• **Action item**:
The lines to return run from the start of the material below through the line holding "Calcolo Funzioni Di Piu' Variabili fronte", both included; please give them back exactly, minus the pictures.

• **Data section**:
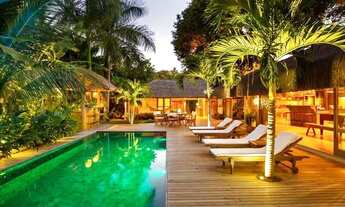 Imagem: Casa de locação para alta temporada em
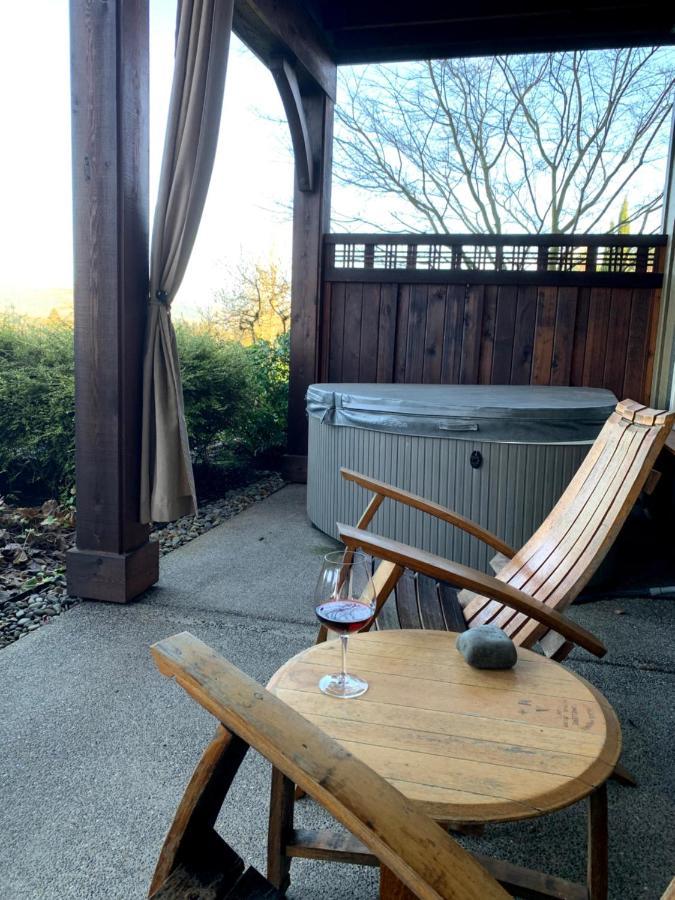 The Setting Inn Willamette Valley Newberg Luaran gambar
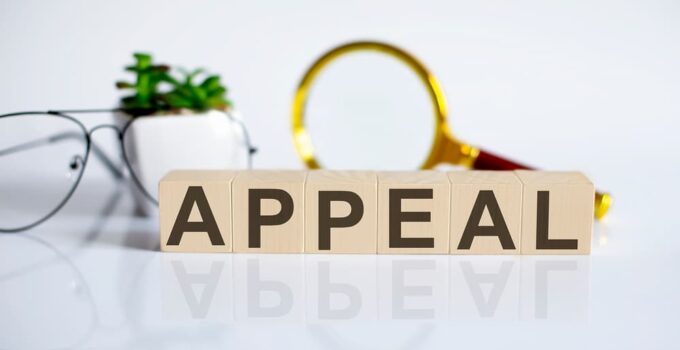 How to Appeal a Denied Long-Term Disability Claim Without Losing It
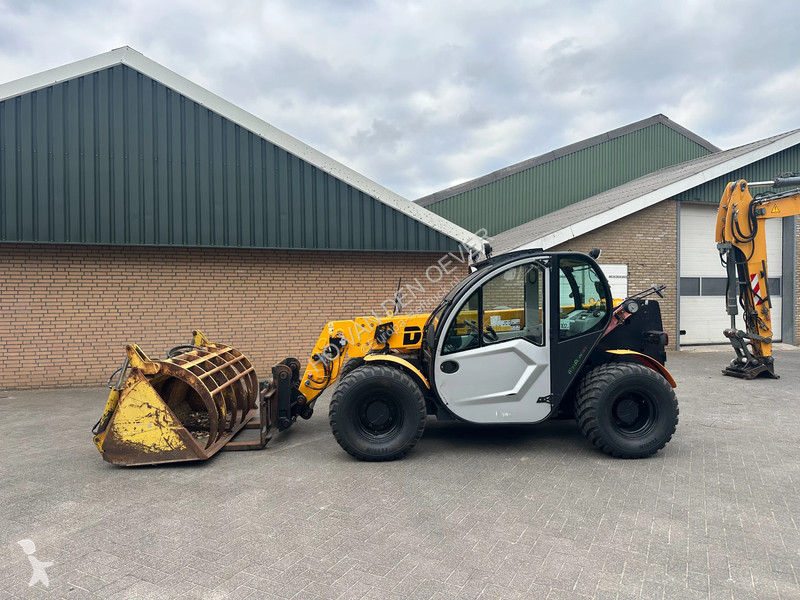 Verreiker Dieci agro 25.6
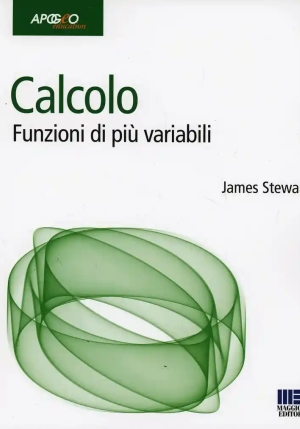 Calcolo Funzioni Di Piu' Variabili fronte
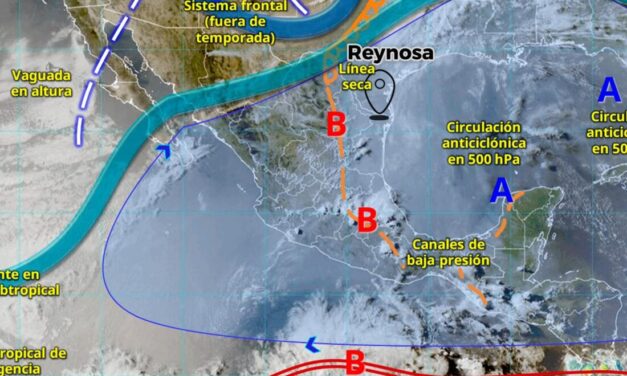 ALERTA PROTECCIÓN CIVIL POR PROBABLES TORMENTAS ELÉCTRICAS
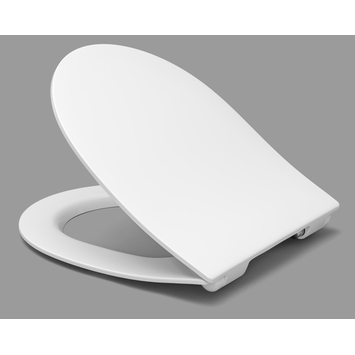 Cedo Vero Beach wc bril wit softclose D-vorm duroplast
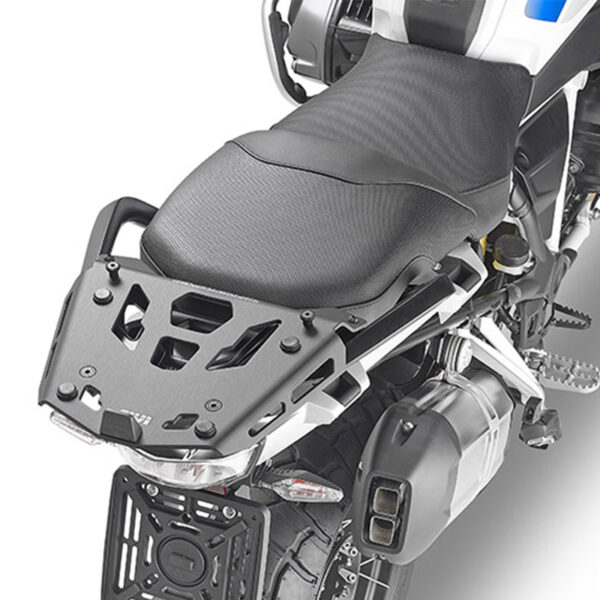 ΣΧΑΡΑ ΑΛΟΥΜΙΝΙΟΥ GIVI SRA5108B BMW R1250GS '19-'23 / R1200GS '13-'18 ΜΑΥΡΗ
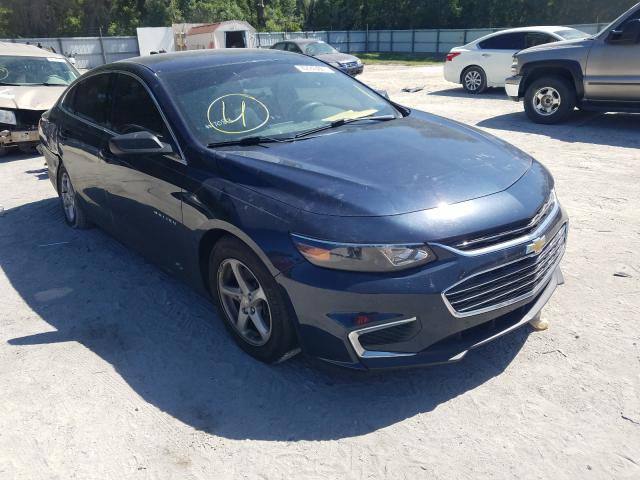 CHEVROLET MALIBU 2016 1g1zb5stxgf307083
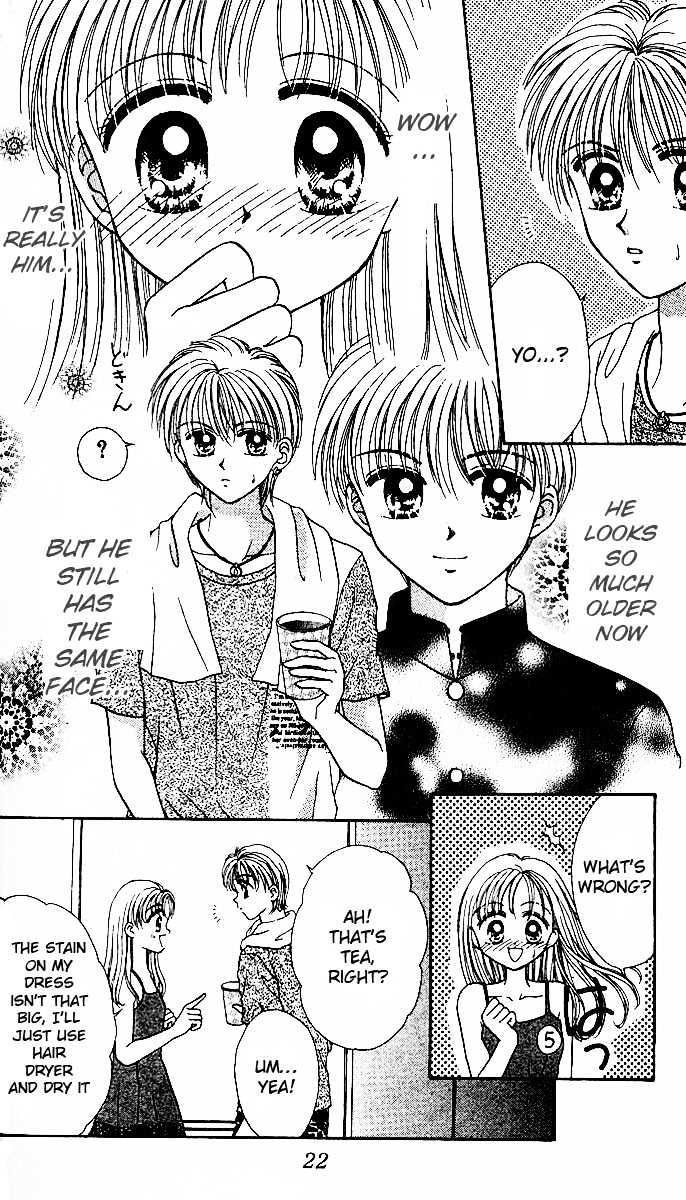 Love Love Shock Chapter 1 page 24 - Chapter 1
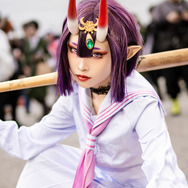 酒呑童子『Fate/Grand Order』／小楠（Instagram：naaaaaaam_cos2023）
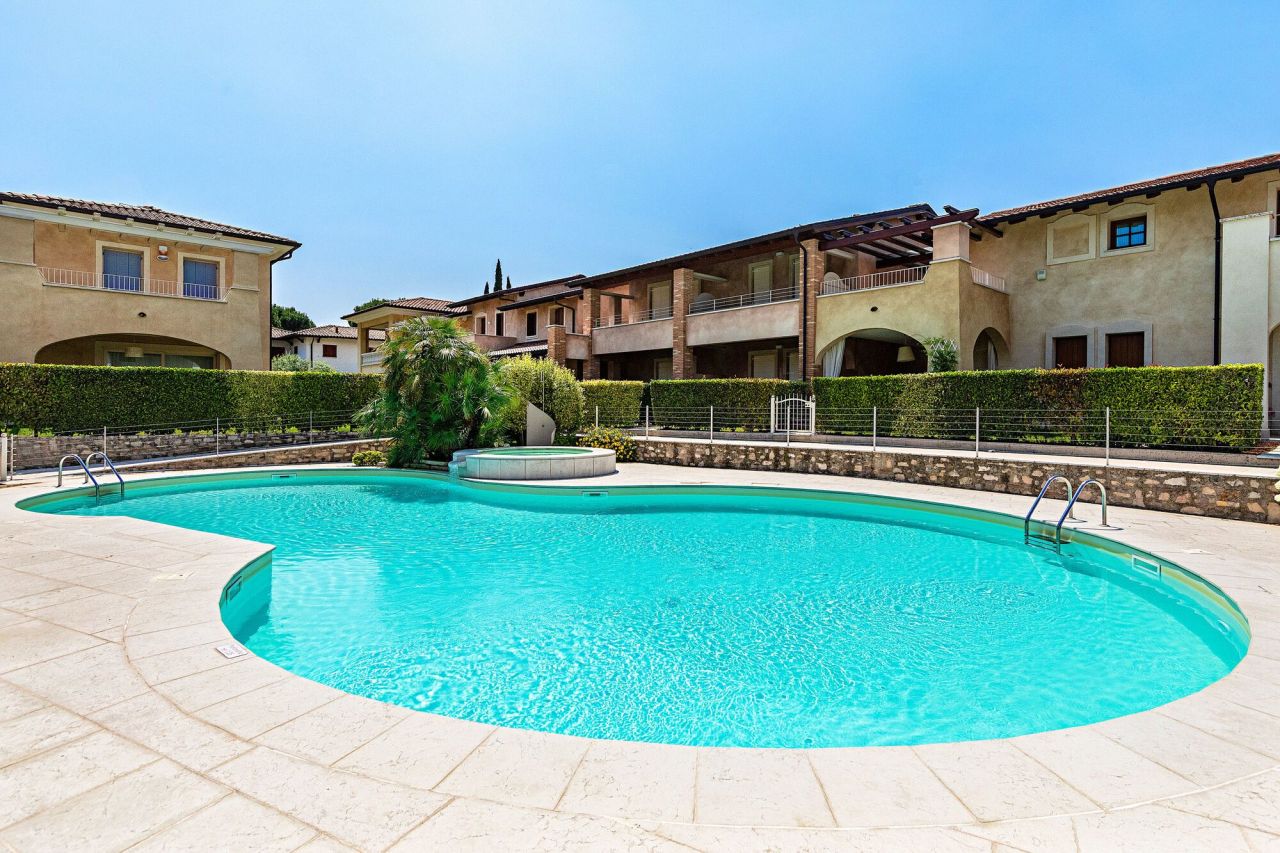 Villa sul Lago di Garda, Italia, 172 m² - foto 17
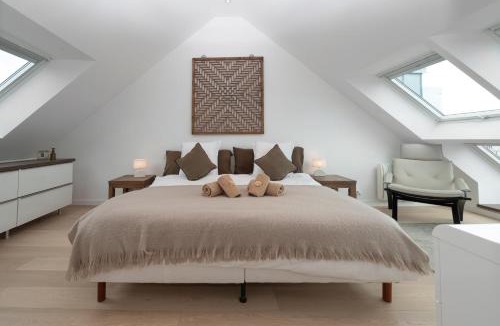 Larmor-Plage Villa | Villa Mamina - vue mer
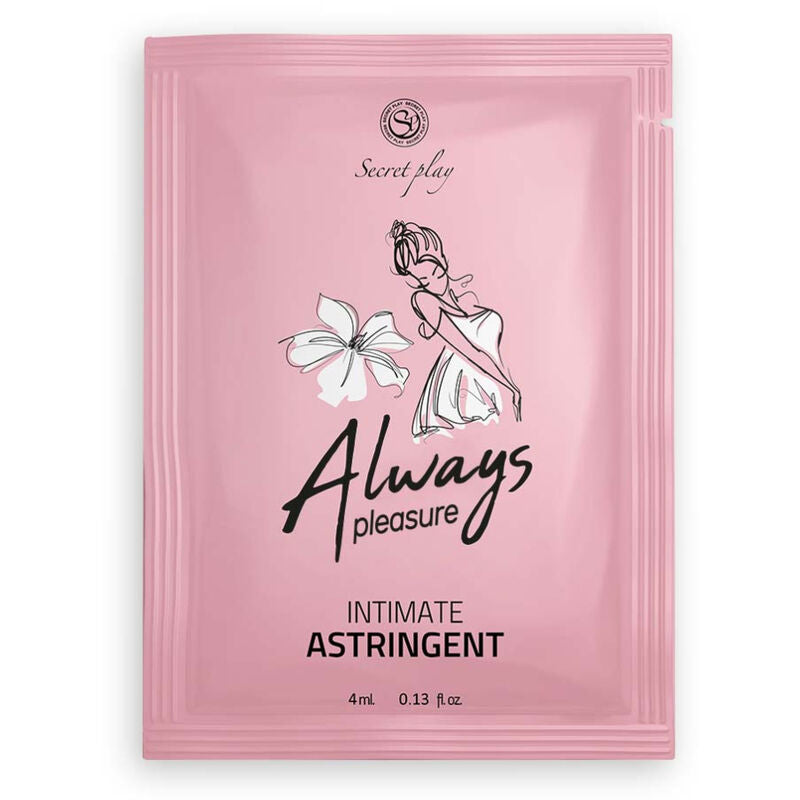 Secret Play - Crème Stimulante Intime Always Virgin - 4ml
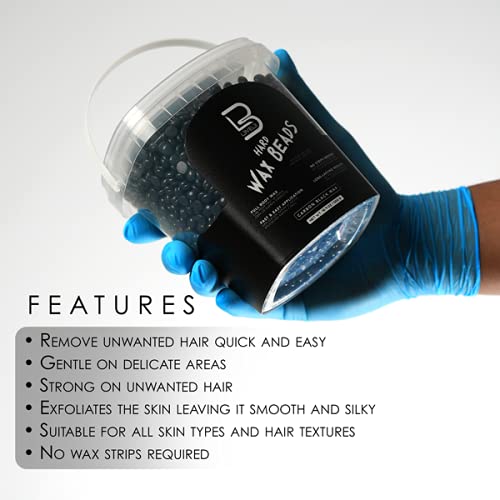 Level3 Hard Wax Beads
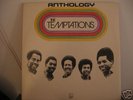 THE TEMPTATIONS-ANTHOLOGY-3 LP SET W/BOOK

• **Answer for the task**:
 Imagem: Casa de locação para alta temporada em
 The Setting Inn Willamette Valley Newberg Luaran gambar
 How to Appeal a Denied Long-Term Disability Claim Without Losing It
 Verreiker Dieci agro 25.6
 Calcolo Funzioni Di Piu' Variabili fronte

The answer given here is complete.